両腕をゆっくりと広げる。目を閉じて、深呼吸をして、数十秒。覚悟を決めるのに、多くの時間はかからなかった。
一歩、足を踏み出す。不思議と震えはなかった。中天に座する偽物の月も、この瞬間ばかりは黙して何も語らない。そうだ。世界は真実を語ったりなどしない。父親も、母親も、兄貴も、黙って、ここから飛び降りた。それだけが、俺に与えられた判断材料だった。俺も、これからその仲間入りを果たす。死後の世界など信じてはいないが、行き着く先は同じだろう。
ふと、叢を踏みしめる音が背後で鳴る。氷のように冷えた感触が、肩甲骨の辺りから伝わる。それが何の脈絡もなく、どん、と跳ねた。まるで誰かに両手で押されたかのように。俺は思わず両足をふんばって踏みとどまろうとするが、前のめりになった身体が宙にゆっくりと投げ出されているのを自覚した。
――ああ。俺は死ぬのだ、と。
恐怖心はなかった。ただ、涙がしぜんと溢れ出ていた。そのことに自分自身で驚きを隠せなかった。父親が、生前口にしていた言葉を、ふと思い出す。
「男は、自分が死ぬときに泣いてはいけない」
それはどうして、と咄嗟に俺は訊いていたと思う。当時の俺は、死に対する絶対の畏怖がまず先にあって、泣かずに死ぬことなど無理な話だと信じきっていた。兄とささいなことで喧嘩をして階段から転げ落ちたのが原因だったかもしれない。死と苦しみは不可分な存在で、死を伴うほどの苦しみなど、想像するだけで腹の底がチリチリと痛むようだった。
「男は、色んなものを背負わなくてはならない。どんなに苦しくても、足をふんばって、耐えて、痛みをこらえなければならない時が来るんだ。その時、泣いていたら格好がつかないだろう?」
そう言って、父は朗らかに笑っていた。確か、父が身を投げ出す少し前の日のことだ。その後、ここから身を投げたということは、結局、父も人間だったということなのだろう。どんなに頑張って生き抜いても、一人で背負える荷物には限度がある。父には膨大な借金があった。会社の同僚に騙され、借金の肩代わりをしてしまったらしい。「社員も家族の一員だ」と豪語していた父は、ある日を境に口数が減り、溜息ばかりをこぼすようになった。
そこから先は、雪玉が坂道を転がるように、あっという間だった。父の死後、残された俺たちは、闇金の連中に追われて、離散する形になった。行く先々で追われては逃げ、逃げては追われ、上層に俺たちの居場所は残されていなかった。親戚も、友人も、誰も助けようとしなかった。
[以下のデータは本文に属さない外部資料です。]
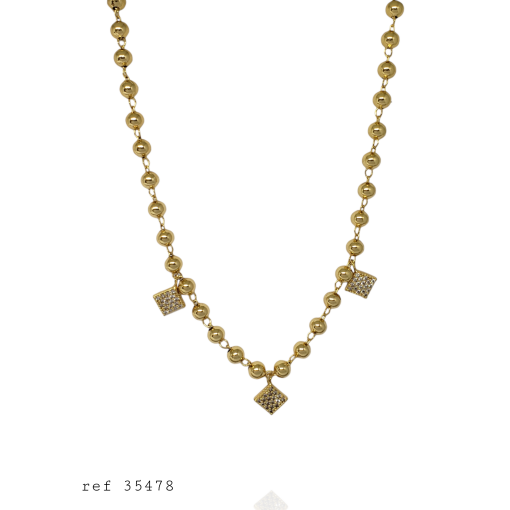 Chocker Bolinha Lisa 3 Losango Cravejado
くだらない日常を維持するために、異分子は排除されるほかないと知った。
カネさえあれば、父も、母も、兄も、そして俺も死なずに済んだのだろうか。カネの価値さえ疑わしくなった、こんな終わった世界でも、カネがいつまでも呪いのように人を縛りつづけ、階層を固定化している事実に、俺は拍手喝采してやりたかった。ああ、反吐が出るほど美しい世界だな、と。
涙が止まらない。
無意識に伸ばされた右腕が、痛みに軋む。今にも肩から引きちぎれてしまいそうだ。奈落の底で、手を伸ばしながら絶命している姿はさぞ滑稽に違いない。
「で、どっちなのよ」
声が、した。正確には、降りかかってきたというべきか。近頃は若い女が地獄の閻魔とやらを担当しているのだろうか。あるいは、地獄の門の対岸に立つ水先案内人か。それならば合点が行く。
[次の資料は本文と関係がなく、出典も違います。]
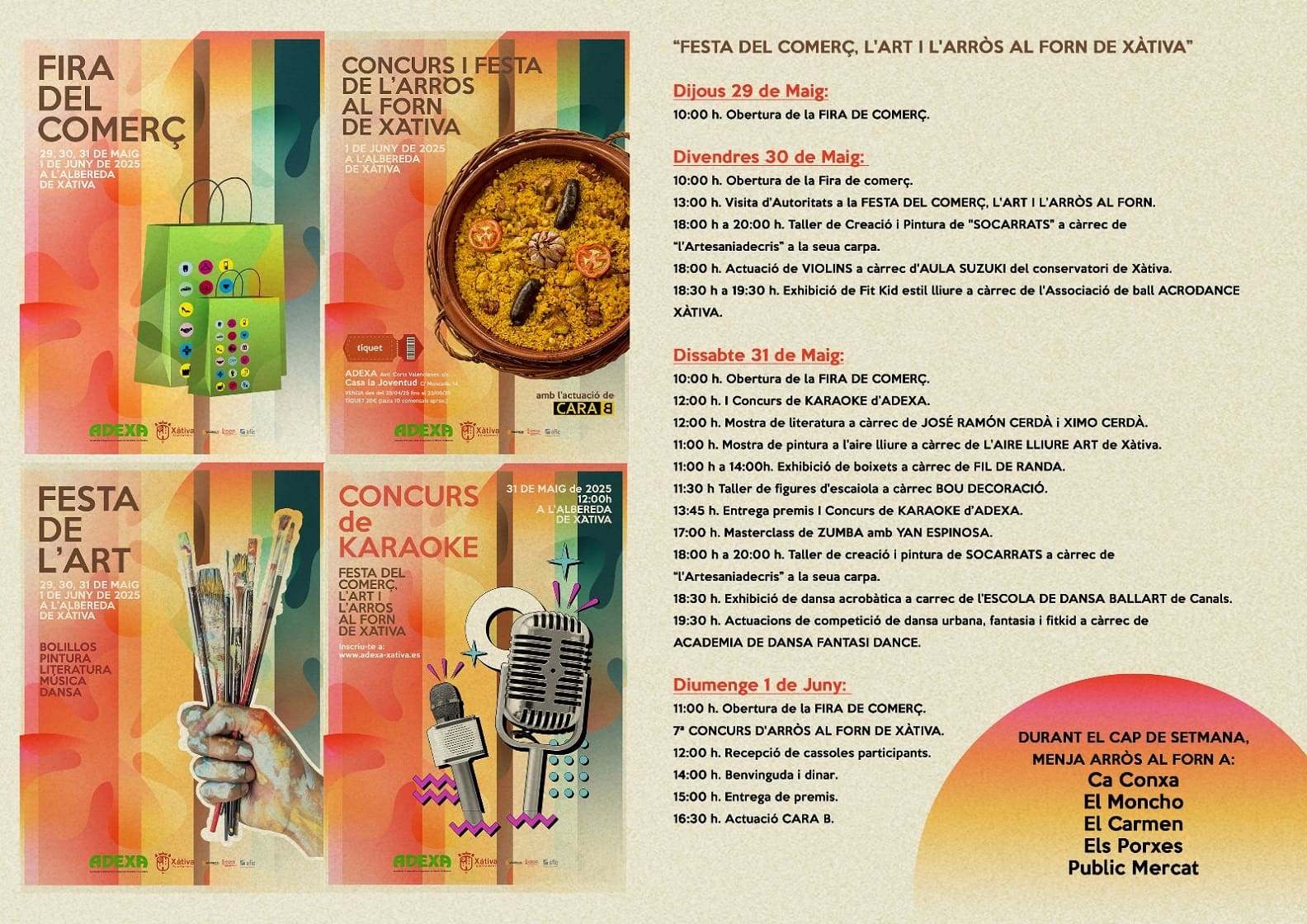 FERIA DEL COMERCIO, EL ARTE Y EL ARROZ AL HORNO DE XÀTIVA 2025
「死ぬなら死ぬ。死なないなら、死なない。早く決めれば?」
「俺はもう死んでいる」何を当たり前のことを、と思う。もしや、地獄へ行くのにも身分証明書が必要なのだろうか。だとすれば、何も持たない人間はどこへ向かえばいいのだろう。
「あなた、バカでしょう」
涼やかな声に、軽蔑の色が混ざった。なんとも口の悪い水先案内人だ。
「目を開けて確認しなさい。あなたの命の行く末を握っているのは私なのよ。あなたが望めばすぐにでも離してあげるけれど」
現実的なその物言いに、目をこじあける。右腕の感覚が薄らぎ、痺れとも痛みともつかない違和感を覚える。横殴りの生臭い風が吹くと、足場がなく、全身が揺らいだ。岩肌から顔を上げると、女がいた。長い髪に覆われて、表情はよく見えないが、黒い空より近いところにいることくらいはわかる。手首が、強く握られている。目の前が真っ暗になり、血の気が引くのがわかった。
「早く決めなさい。こっちもあんまりもたないんだから」
語尾が苦しげにかすれる。もう片方の手が、俺の右腕に添えられた。引き上げられる力が増した気がする。
「わかった。早く引き上げてくれ」
腹の底から絞り出したはずの声が、悲痛な叫びのようにも思えた。そして、そんな声を上げる自分自身に情けなさがこみあげてきた。知らず、涙が次々とこぼれる。どうやら、父の言いつけは守れそうにない。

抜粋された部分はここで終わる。